A member of the Syrian Democratic Forces (SDF)

US-backed fighters gained ground against the Islamic State group in the streets of Raqa on Wednesday, their command said, a day after breaking into the jihadist's Syrian bastion.

The Syrian Democratic Forces have spent months advancing on the northern city and finally thrust into the eastern neighbourhood of Al-Meshleb on Tuesday. 

Early on Wednesday, the Arab and Kurdish fighters captured the neighbourhood and the Harqal citadel to the west of the city, the command of Operation Wrath of the Euphrates said.

The citadel sits on a hilltop roughly two kilometres (just over a mile) from the city limits.

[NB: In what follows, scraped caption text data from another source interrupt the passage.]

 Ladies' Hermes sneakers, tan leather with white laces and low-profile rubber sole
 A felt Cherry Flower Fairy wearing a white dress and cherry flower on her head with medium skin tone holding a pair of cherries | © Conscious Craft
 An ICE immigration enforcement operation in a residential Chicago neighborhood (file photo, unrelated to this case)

The Syrian Observatory for Human Rights said there was also fighting inside the Division 17 military complex, around two kilometres north of Raqa, but the area had been heavily mined by IS.

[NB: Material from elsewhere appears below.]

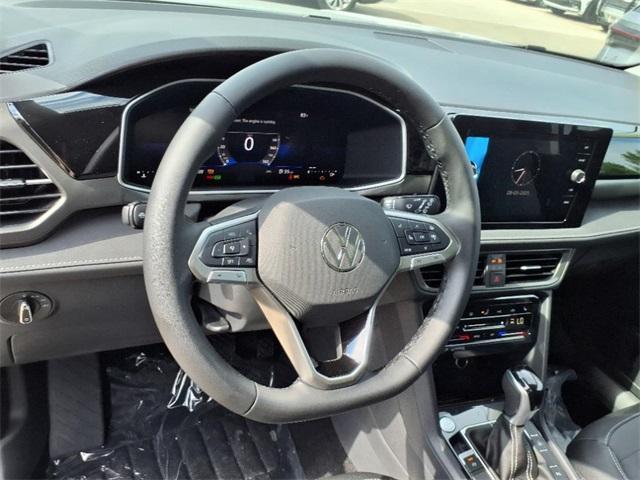 new 2025 Volkswagen Taos car, priced at $28,500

The Britain-based monitoring group said the US-led coalition had carried out heavy bombing raids on the city overnight.

Captured by the jihadists in early 2014, Raqa became notorious as a hub for IS's operations in Syria, Iraq and beyond.

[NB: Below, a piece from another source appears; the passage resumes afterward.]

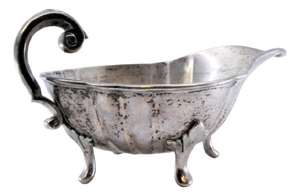 Silver Gravy Boat Resting on Four Feet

The city has been the scene of some of the group's worst atrocities, including gruesome executions, public displays of bodies and the trafficking of women.

An estimated 300,000 civilians were believed to have been living under IS rule in Raqa, including 80,000 displaced from other parts of Syria.

Thousands have fled in recent months to other parts of the province or to makeshift camps in territory newly captured by the SDF. 

Formed in 2015, the SDF is an alliance of Arab and Kurdish fighters that has been backed by the US-led coalition with air support, military advisers and weapons deliveries.